LLaDA2.0-Uni: Unifying Multimodal Understanding and Generation with Diffusion Large Language Model
Inclusion AI, Tiwei Bie, Haoxing Chen, Tieyuan Chen, Zhenglin Cheng, Long Cui, Kai Gan, Zhicheng Huang, Zhenzhong Lan, Haoquan Li, Jianguo Li, Tao Lin, Qi Qin, Hongjun Wang, Xiaomei Wang, Haoyuan Wu, Yi Xin, Junbo Zhao
2026-04-23
Summary
This paper introduces LLaDA2.0-Uni, a new artificial intelligence model that can understand and create both text and images at the same time, all within a single system.
What's the problem?
Existing AI models often handle text and images separately, requiring different systems for each.

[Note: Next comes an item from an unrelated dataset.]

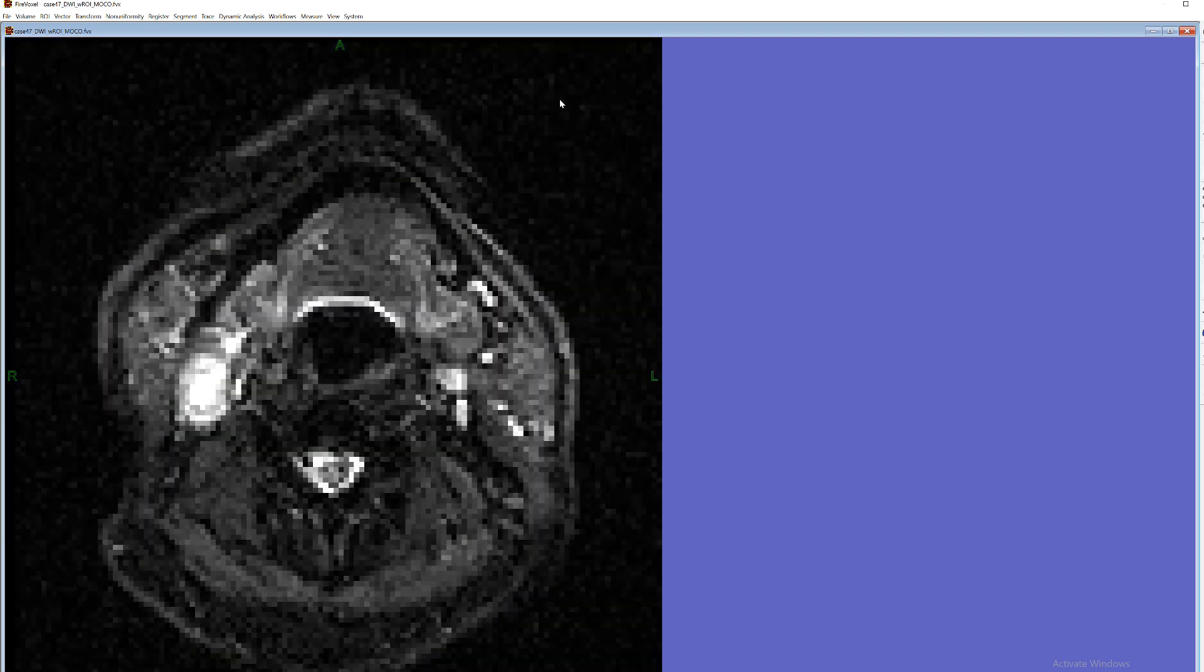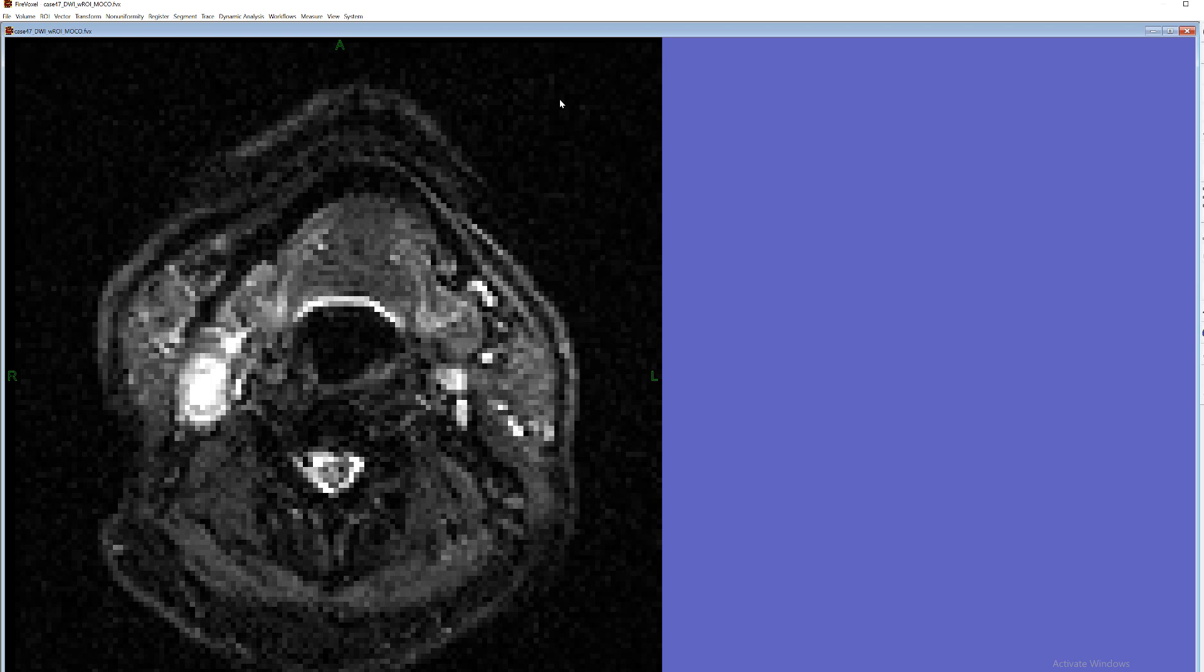However it might be helpful sometimes to have actual overlay of different time points so the displacement could be more easily detected. So there is this new feature.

This makes it difficult for them to truly *understand* the relationship between what things look like and what they are described as. Also, generating high-quality images can be slow and inefficient.
What's the solution?
The researchers built LLaDA2.0-Uni using a few key ideas. First, they convert images into a code-like format. Then, they use a powerful language model, similar to those used for text, to process both the text and the image codes. Finally, they have a decoder that turns the image codes back into actual, detailed images. They also sped up the image generation process with clever optimizations and a special training method.
Why it matters?
This model is important because it represents a step towards AI that can seamlessly work with different types of information – text, images, and potentially more – in a unified way. This could lead to more powerful and versatile AI systems capable of complex reasoning and creative tasks, like generating images from text descriptions or editing existing images based on instructions.
Abstract
We present LLaDA2.0-Uni, a unified discrete diffusion large language model (dLLM) that supports multimodal understanding and generation within a natively integrated framework. Its architecture combines a fully semantic discrete tokenizer, a MoE-based dLLM backbone, and a diffusion decoder. By discretizing continuous visual inputs via SigLIP-VQ, the model enables block-level masked diffusion for both text and vision inputs within the backbone, while the decoder reconstructs visual tokens into high-fidelity images. Inference efficiency is enhanced beyond parallel decoding through prefix-aware optimizations in the backbone and few-step distillation in the decoder. Supported by carefully curated large-scale data and a tailored multi-stage training pipeline, LLaDA2.0-Uni matches specialized VLMs in multimodal understanding while delivering strong performance in image generation and editing. Its native support for interleaved generation and reasoning establishes a promising and scalable paradigm for next-generation unified foundation models. Codes and models are available at https://github.com/inclusionAI/LLaDA2.0-Uni.